• **STORED DATA**:
════════════════════
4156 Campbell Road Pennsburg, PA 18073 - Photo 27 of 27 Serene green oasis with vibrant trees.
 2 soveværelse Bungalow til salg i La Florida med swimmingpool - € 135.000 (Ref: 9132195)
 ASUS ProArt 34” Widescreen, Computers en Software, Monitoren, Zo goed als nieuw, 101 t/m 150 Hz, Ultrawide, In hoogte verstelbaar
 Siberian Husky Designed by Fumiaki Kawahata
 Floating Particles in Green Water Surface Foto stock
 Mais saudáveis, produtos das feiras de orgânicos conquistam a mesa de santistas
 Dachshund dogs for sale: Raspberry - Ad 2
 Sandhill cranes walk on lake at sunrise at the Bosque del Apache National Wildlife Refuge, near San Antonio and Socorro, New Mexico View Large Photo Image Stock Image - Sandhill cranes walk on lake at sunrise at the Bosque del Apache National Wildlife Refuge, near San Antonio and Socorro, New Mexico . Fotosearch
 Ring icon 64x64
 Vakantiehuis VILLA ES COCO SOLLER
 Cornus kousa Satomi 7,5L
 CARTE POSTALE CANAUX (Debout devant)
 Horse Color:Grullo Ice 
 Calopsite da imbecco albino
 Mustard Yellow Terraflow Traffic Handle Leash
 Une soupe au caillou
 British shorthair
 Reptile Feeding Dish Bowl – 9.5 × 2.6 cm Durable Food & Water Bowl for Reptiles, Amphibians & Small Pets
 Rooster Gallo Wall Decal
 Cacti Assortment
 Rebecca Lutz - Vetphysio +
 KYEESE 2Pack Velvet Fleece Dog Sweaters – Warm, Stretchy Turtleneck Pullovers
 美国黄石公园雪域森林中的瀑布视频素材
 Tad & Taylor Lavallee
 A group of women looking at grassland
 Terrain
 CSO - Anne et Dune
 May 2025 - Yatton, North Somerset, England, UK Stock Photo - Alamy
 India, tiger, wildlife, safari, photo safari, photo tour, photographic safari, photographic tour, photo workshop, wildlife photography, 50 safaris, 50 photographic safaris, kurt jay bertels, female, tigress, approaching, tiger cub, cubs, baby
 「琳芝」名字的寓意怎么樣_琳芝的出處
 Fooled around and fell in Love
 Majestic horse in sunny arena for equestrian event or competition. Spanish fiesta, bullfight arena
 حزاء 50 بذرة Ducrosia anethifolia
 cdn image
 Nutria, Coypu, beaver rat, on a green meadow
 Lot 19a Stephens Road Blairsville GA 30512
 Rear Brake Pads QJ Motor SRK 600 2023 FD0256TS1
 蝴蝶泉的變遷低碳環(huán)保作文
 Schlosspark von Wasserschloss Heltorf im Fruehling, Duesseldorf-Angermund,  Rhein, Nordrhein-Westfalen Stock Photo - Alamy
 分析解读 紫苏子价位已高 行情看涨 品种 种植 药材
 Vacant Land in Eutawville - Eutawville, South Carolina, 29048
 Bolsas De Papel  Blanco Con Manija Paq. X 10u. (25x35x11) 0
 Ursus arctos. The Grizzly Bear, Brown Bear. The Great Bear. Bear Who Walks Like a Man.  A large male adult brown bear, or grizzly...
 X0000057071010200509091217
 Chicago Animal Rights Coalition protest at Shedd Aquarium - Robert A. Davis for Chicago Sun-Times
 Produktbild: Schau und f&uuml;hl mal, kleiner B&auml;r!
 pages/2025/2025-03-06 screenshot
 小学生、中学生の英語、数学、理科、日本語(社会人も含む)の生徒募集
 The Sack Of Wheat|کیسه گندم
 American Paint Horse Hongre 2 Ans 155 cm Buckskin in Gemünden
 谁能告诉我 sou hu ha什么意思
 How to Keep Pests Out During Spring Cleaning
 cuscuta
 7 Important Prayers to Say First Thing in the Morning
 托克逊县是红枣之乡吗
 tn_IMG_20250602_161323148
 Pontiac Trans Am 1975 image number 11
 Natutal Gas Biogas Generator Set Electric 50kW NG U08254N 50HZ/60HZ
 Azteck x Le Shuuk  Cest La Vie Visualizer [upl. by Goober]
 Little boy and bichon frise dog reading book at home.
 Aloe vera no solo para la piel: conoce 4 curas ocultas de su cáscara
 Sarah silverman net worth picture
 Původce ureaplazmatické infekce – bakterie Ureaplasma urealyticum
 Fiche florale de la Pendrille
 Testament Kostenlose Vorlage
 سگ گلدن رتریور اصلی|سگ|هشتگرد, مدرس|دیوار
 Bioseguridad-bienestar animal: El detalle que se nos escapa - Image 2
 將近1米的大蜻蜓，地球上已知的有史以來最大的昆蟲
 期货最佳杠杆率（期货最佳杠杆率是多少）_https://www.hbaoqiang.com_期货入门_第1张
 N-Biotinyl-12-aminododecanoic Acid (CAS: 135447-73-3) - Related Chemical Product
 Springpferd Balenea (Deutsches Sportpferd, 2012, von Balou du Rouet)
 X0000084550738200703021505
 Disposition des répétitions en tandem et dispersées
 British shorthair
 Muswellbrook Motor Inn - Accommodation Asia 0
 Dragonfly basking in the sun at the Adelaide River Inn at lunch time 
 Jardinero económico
════════════════════
Return only the stretch of the material above from the line holding "Rebecca Lutz - Vetphysio +" through the line holding "Aloe vera no", copied exactly.

• **ANSWER TO THIS TASK**:
 Rebecca Lutz - Vetphysio +
 KYEESE 2Pack Velvet Fleece Dog Sweaters – Warm, Stretchy Turtleneck Pullovers
 美国黄石公园雪域森林中的瀑布视频素材
 Tad & Taylor Lavallee
 A group of women looking at grassland
 Terrain
 CSO - Anne et Dune
 May 2025 - Yatton, North Somerset, England, UK Stock Photo - Alamy
 India, tiger, wildlife, safari, photo safari, photo tour, photographic safari, photographic tour, photo workshop, wildlife photography, 50 safaris, 50 photographic safaris, kurt jay bertels, female, tigress, approaching, tiger cub, cubs, baby
 「琳芝」名字的寓意怎么樣_琳芝的出處
 Fooled around and fell in Love
 Majestic horse in sunny arena for equestrian event or competition. Spanish fiesta, bullfight arena
 حزاء 50 بذرة Ducrosia anethifolia
 cdn image
 Nutria, Coypu, beaver rat, on a green meadow
 Lot 19a Stephens Road Blairsville GA 30512
 Rear Brake Pads QJ Motor SRK 600 2023 FD0256TS1
 蝴蝶泉的變遷低碳環(huán)保作文
 Schlosspark von Wasserschloss Heltorf im Fruehling, Duesseldorf-Angermund,  Rhein, Nordrhein-Westfalen Stock Photo - Alamy
 分析解读 紫苏子价位已高 行情看涨 品种 种植 药材
 Vacant Land in Eutawville - Eutawville, South Carolina, 29048
 Bolsas De Papel  Blanco Con Manija Paq. X 10u. (25x35x11) 0
 Ursus arctos. The Grizzly Bear, Brown Bear. The Great Bear. Bear Who Walks Like a Man.  A large male adult brown bear, or grizzly...
 X0000057071010200509091217
 Chicago Animal Rights Coalition protest at Shedd Aquarium - Robert A. Davis for Chicago Sun-Times
 Produktbild: Schau und f&uuml;hl mal, kleiner B&auml;r!
 pages/2025/2025-03-06 screenshot
 小学生、中学生の英語、数学、理科、日本語(社会人も含む)の生徒募集
 The Sack Of Wheat|کیسه گندم
 American Paint Horse Hongre 2 Ans 155 cm Buckskin in Gemünden
 谁能告诉我 sou hu ha什么意思
 How to Keep Pests Out During Spring Cleaning
 cuscuta
 7 Important Prayers to Say First Thing in the Morning
 托克逊县是红枣之乡吗
 tn_IMG_20250602_161323148
 Pontiac Trans Am 1975 image number 11
 Natutal Gas Biogas Generator Set Electric 50kW NG U08254N 50HZ/60HZ
 Azteck x Le Shuuk  Cest La Vie Visualizer [upl. by Goober]
 Little boy and bichon frise dog reading book at home.
 Aloe vera no solo para la piel: conoce 4 curas ocultas de su cáscara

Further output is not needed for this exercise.